START STORED DATA

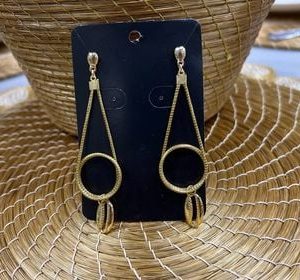 Earrings — BC 97
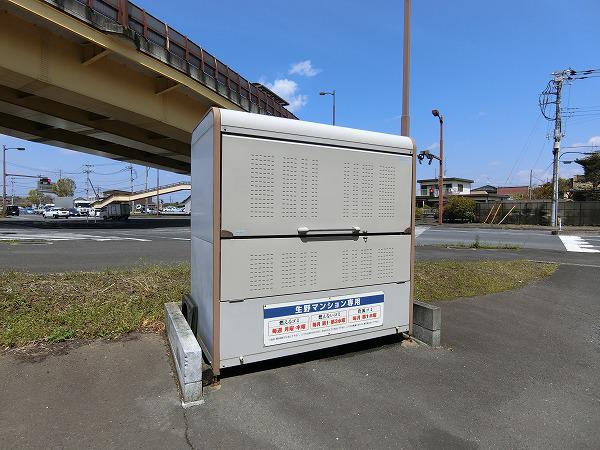 金町マンション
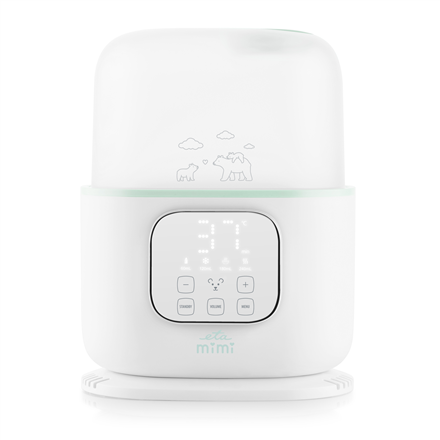ETA | Baby Bottle Warmer | ETA330690000 MIMI | 1.5 L | 270 W | White|ETA330690000
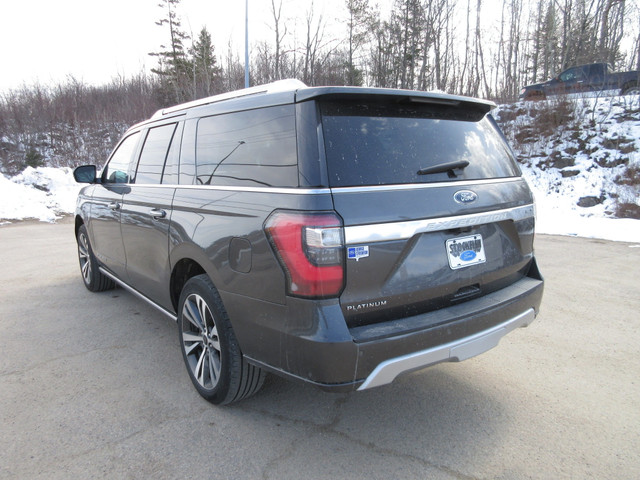 2021 Ford Expedition Platinum Max in Cars & Trucks in North Bay - Image 3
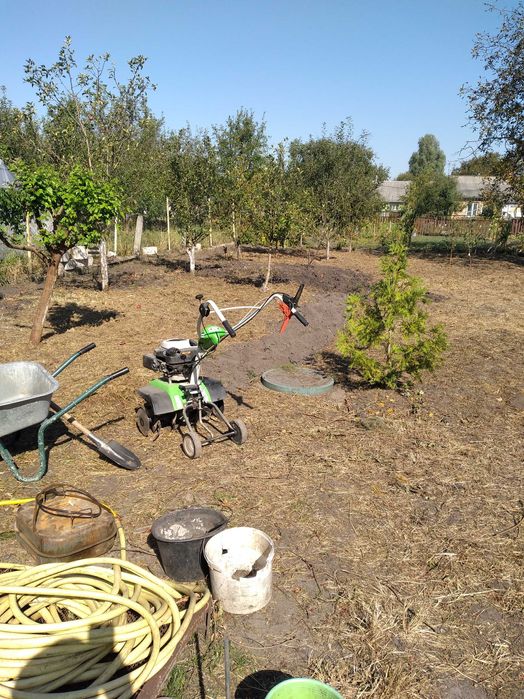 Послуги з благоустрою території  Житомир та обл.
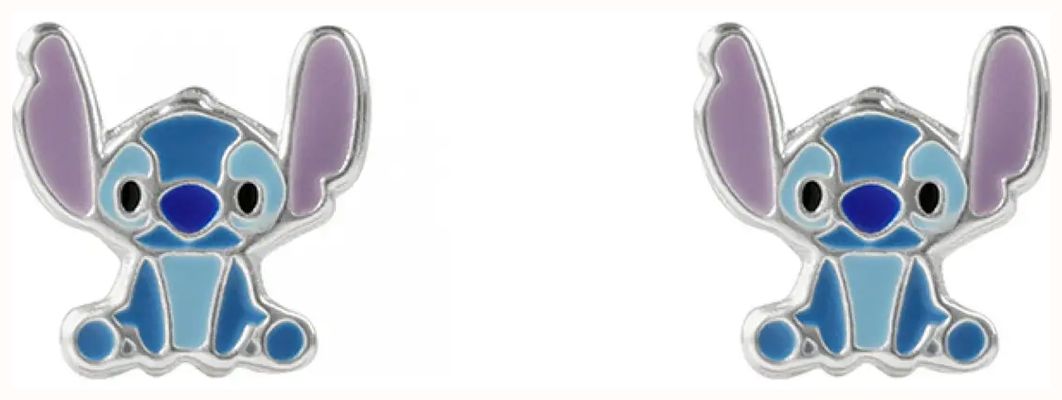 Disney Lilo and Stitch Blue Orignal Stud Earrings E906667SL.PH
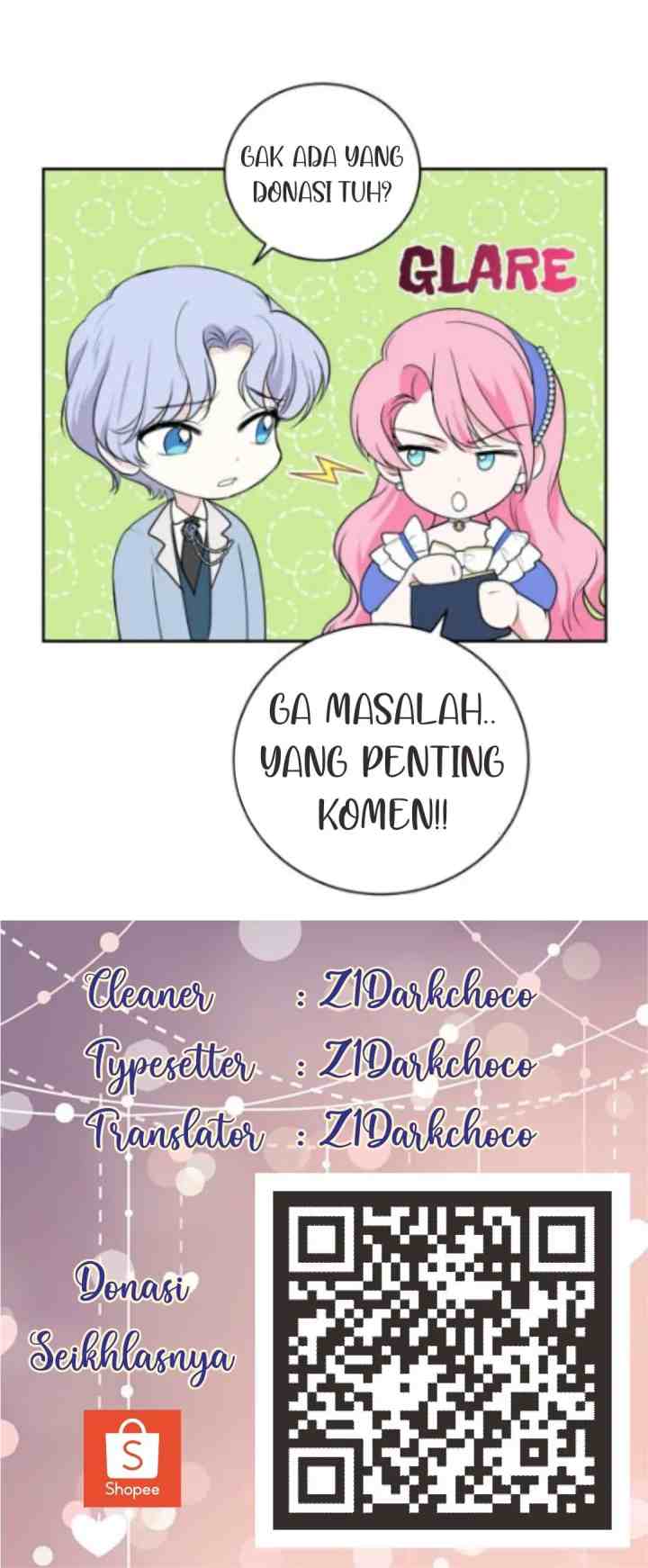 Deadly Vs Romance chapter 28 halaman 11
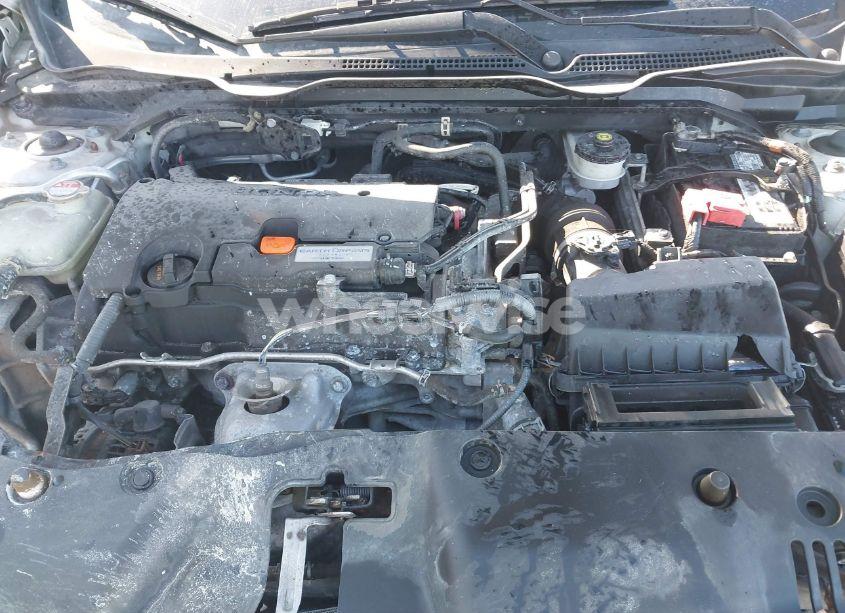 Photo 10 of 2019 Honda Civic LX (VIN 2HGFC2F62KH513727)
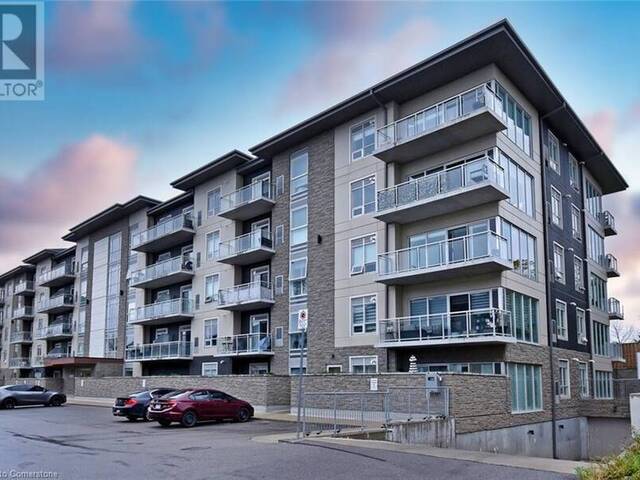 16 MARKLE Crescent Unit# 315 Ancaster Ontario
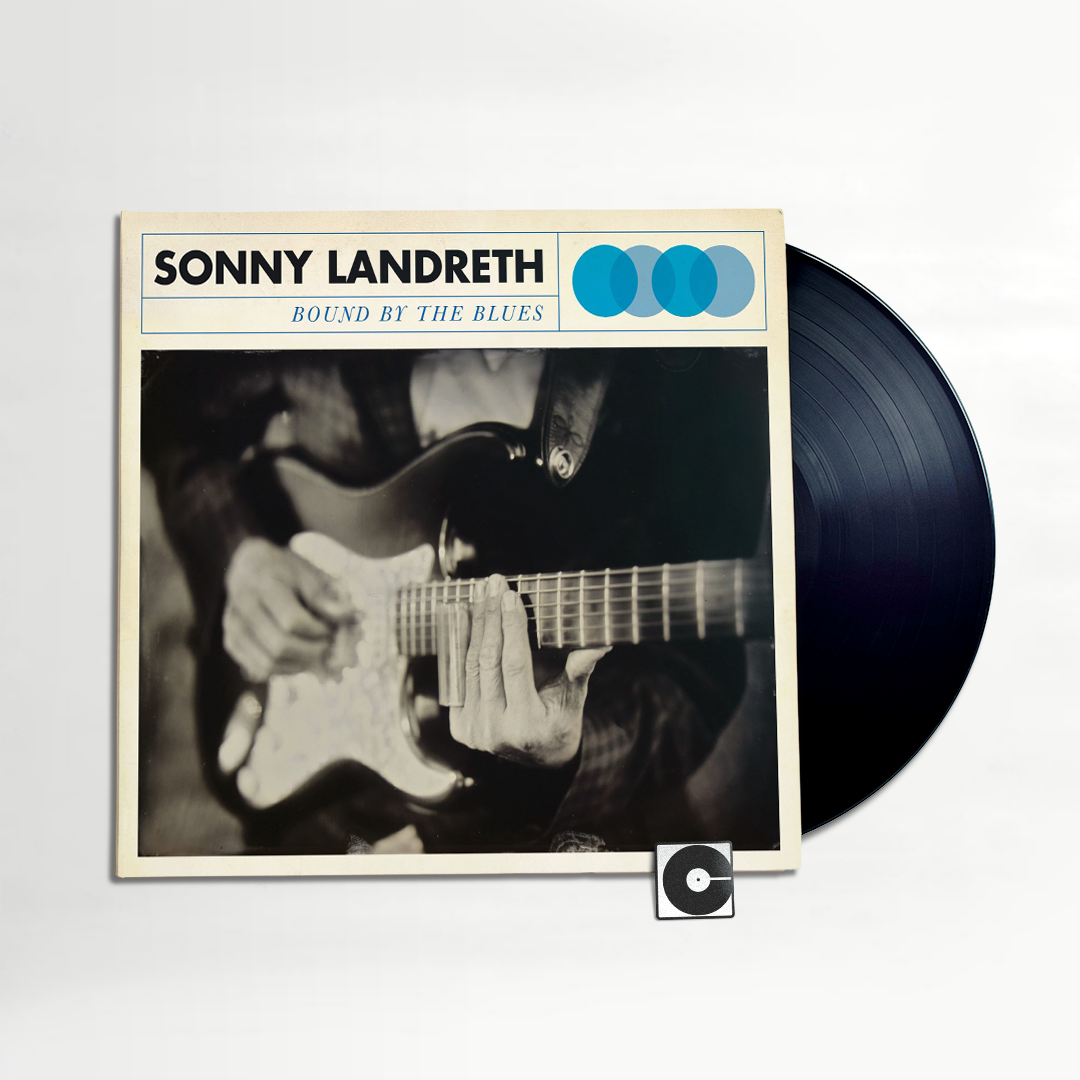 Sonny Landreth - "Bound By the Blues"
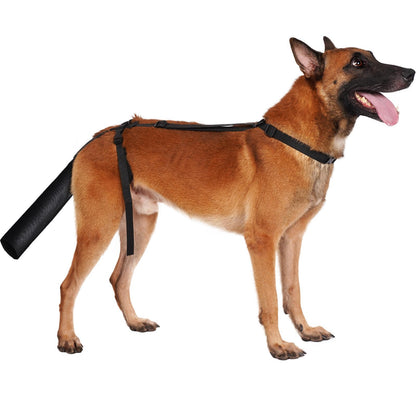 BARKLESS Dog Tail Protector, Dog Tail Wound Cover for Medium Large Dogs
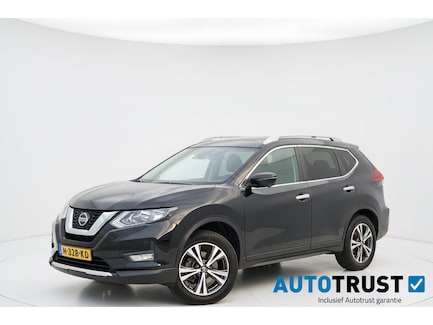 Nissan X-Trail 0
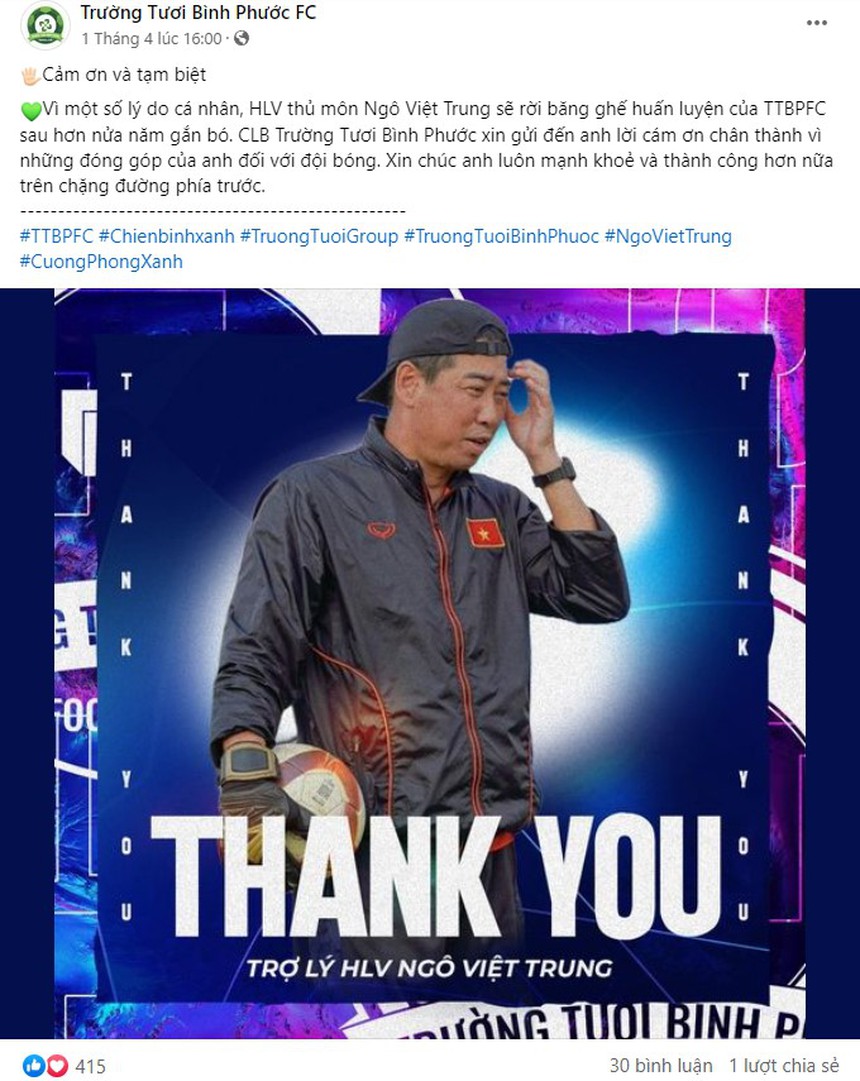 Tin nóng thể thao tối 14/4: Cầu thủ Việt kiều từ chối AC Milan để về Việt Nam, Bích Tuyền tiết lộ nguyên nhân thua chung kết - Ảnh 4.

END STORED DATA

PROBLEM TO SOLVE >>
Return only the lines from the one that contains "2021 Ford Expedition" through the closing line of the data, inclusive, reproduced exactly and with every picture left out.

SOLUTION TO THIS PROBLEM >>
 2021 Ford Expedition Platinum Max in Cars & Trucks in North Bay - Image 3
 Послуги з благоустрою території  Житомир та обл.
 Disney Lilo and Stitch Blue Orignal Stud Earrings E906667SL.PH
 Deadly Vs Romance chapter 28 halaman 11
 Photo 10 of 2019 Honda Civic LX (VIN 2HGFC2F62KH513727)
 16 MARKLE Crescent Unit# 315 Ancaster Ontario
 Sonny Landreth - "Bound By the Blues"
 BARKLESS Dog Tail Protector, Dog Tail Wound Cover for Medium Large Dogs
 Nissan X-Trail 0
 Tin nóng thể thao tối 14/4: Cầu thủ Việt kiều từ chối AC Milan để về Việt Nam, Bích Tuyền tiết lộ nguyên nhân thua chung kết - Ảnh 4.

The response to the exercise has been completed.